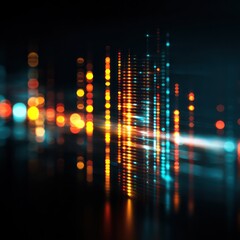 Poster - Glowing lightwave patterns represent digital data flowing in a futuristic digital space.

━━━━━━

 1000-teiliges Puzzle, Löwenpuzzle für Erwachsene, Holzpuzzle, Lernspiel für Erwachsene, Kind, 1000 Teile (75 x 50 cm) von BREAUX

━━━━━━

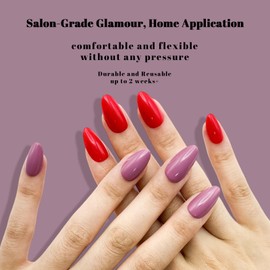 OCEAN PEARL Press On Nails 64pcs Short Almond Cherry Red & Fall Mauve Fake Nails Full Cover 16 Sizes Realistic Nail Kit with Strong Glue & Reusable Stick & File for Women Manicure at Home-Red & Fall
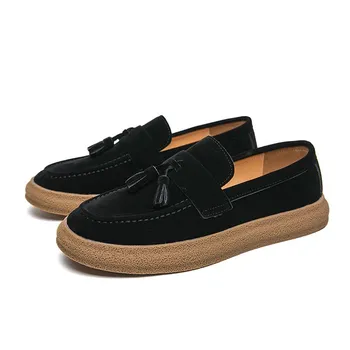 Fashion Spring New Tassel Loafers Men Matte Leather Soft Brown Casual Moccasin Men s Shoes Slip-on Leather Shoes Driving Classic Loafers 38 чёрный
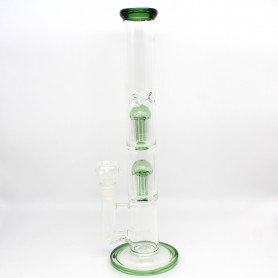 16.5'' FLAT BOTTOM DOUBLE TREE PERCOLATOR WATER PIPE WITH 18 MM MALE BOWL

━━━━━━

__Aim of the exercise__.
Among the lines above, the one with "OCEAN PEARL Press" opens the part to repeat and the one with "Fashion Spring New" closes it; repeat only that part exactly, with no pictures.

__Result for this exercise__.
 OCEAN PEARL Press On Nails 64pcs Short Almond Cherry Red & Fall Mauve Fake Nails Full Cover 16 Sizes Realistic Nail Kit with Strong Glue & Reusable Stick & File for Women Manicure at Home-Red & Fall
 Fashion Spring New Tassel Loafers Men Matte Leather Soft Brown Casual Moccasin Men s Shoes Slip-on Leather Shoes Driving Classic Loafers 38 чёрный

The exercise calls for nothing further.